EN la Roma clásica distinguía a los miembros del Senado la virtud de la sensatez y la prudencia, pero en nuestra empobrecida

EN la Roma clásica distinguía a los miembros del Senado la virtud de la sensatez y la prudencia, pero en nuestra empobrecida democracia los senadores son en su mayoría mediocres políticos a medio amortizar a los que todavía deben algún favor los aparatos de sus respectivos partidos. Sin mayor operatividad a falta de una reforma constitucional que le dé algún sentido, la Cámara Alta languidece como presunto ámbito de un debate territorial que suele derivar, ante la indefinición de competencias, en refugio de extravagancias a la mayor gloria de un nacionalismo indesmayable para el que no hay detalle que carezca de importancia si refuerza su imaginario simbólico de la nación de naciones. La última de ellas, por ahora, ha sido la iniciativa de contratar un servicio de traducción permanente para las lenguas cooficiales con el objeto de que sus señorías periféricas puedan a todas horas expresarse en ellas... y el resto entenderlas en el único idioma común que todos comparten.

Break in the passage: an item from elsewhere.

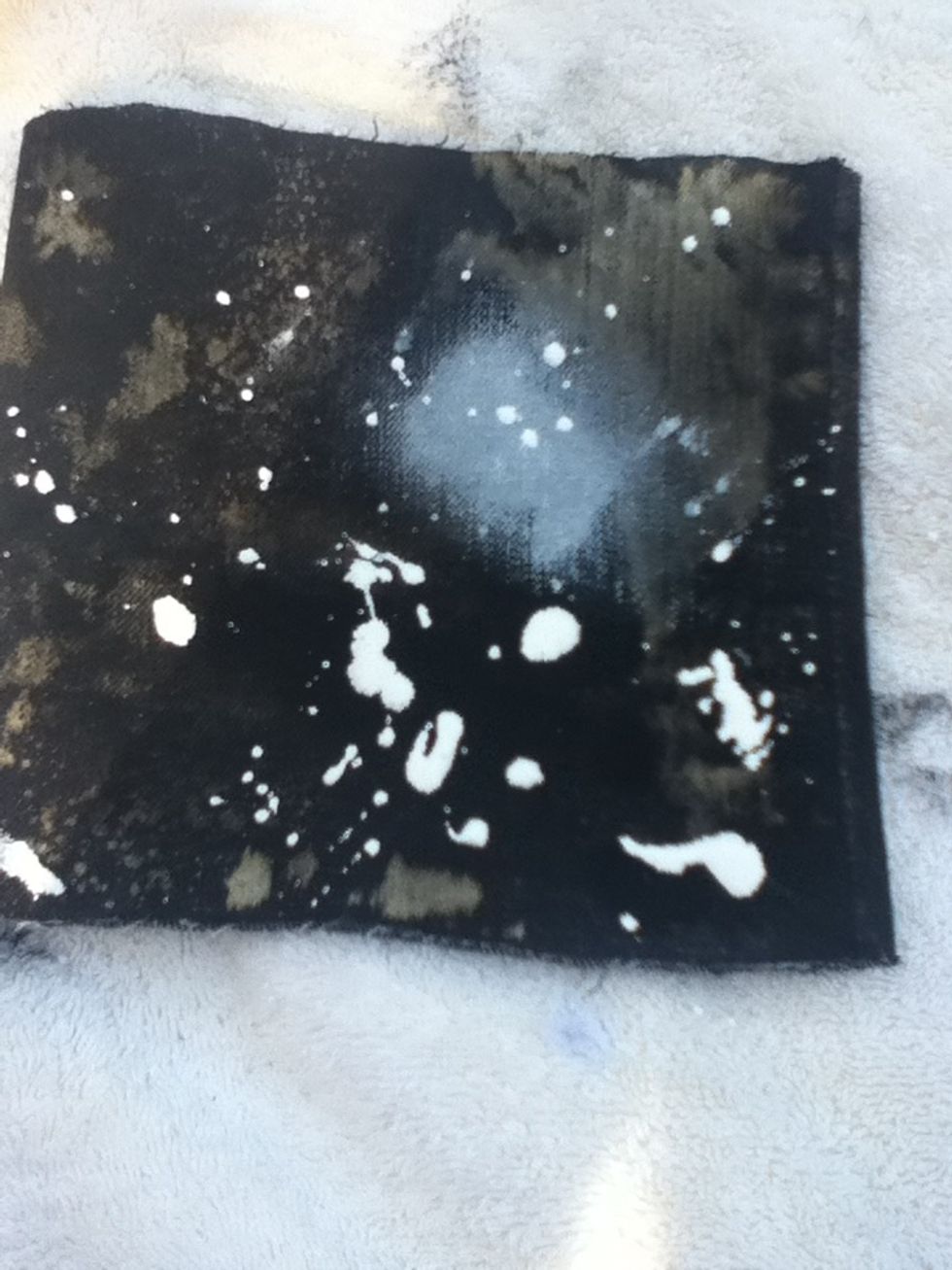 Splatter some white paint (don't worry, it doesn't have to look perfect) you can also smudge some white on there to look like galaxies.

Habida cuenta de que tal Babel lingüística, propia del Parlamento Europeo, ocasionará un notable gasto suplementario, los proponentes -todos ellos nacionalistas y miembros del PSC, que viene a ser una redundancia- arguyen que se trata de un derecho y que los derechos «no tienen costes» (sic), por lo que exigen no reparar en ellos; incluso una representante vasca se ha mostrado partidaria de llevar adelante el expediente «cueste lo que cueste». Cuestión -o coste- de principios, pues, aunque principio por principio quizá conviniese hablar un poco del principio de austeridad pública, y derecho por derecho podría la brillante minerva euskaldun considerar también el derecho de los contribuyentes a que no se dilapide su siempre escaso dinero.

En la actualidad, el Senado ya cuenta con traducción vernácula en varios debates de política autonómica (al precio aproximado de 7.000 euros por sesión), algún discurso del presidente y los escritos de los ciudadanos, por lo que no puede decirse que se trate de un derecho laminado en la Cámara. Ocurre que existe en España una lengua común en la que todos los españoles pueden entenderse, y con arreglo a tal principio y al de la economía pública no cabe considerar la inversión en un servicio de interpretación universal y permanente sino como un despilfarro. Pero qué sentido tiene hablar de derroche a quienes han hecho del dispendio un sistema, gastando en políticas identitarias caprichosas y a menudo excluyentes millones de euros que detraen sin remordimiento de los servicios básicos para apuntalar su obsesivo designio de «construcción nacional». Se trata de los derechos, ya saben. Y en la España pseudofederal del zapaterismo rigen unos derechos para los nacionalistas y otros para el resto de los ciudadanos. Incluido, por supuesto, el derecho a priorizar lo superfluo. Cueste lo que cueste.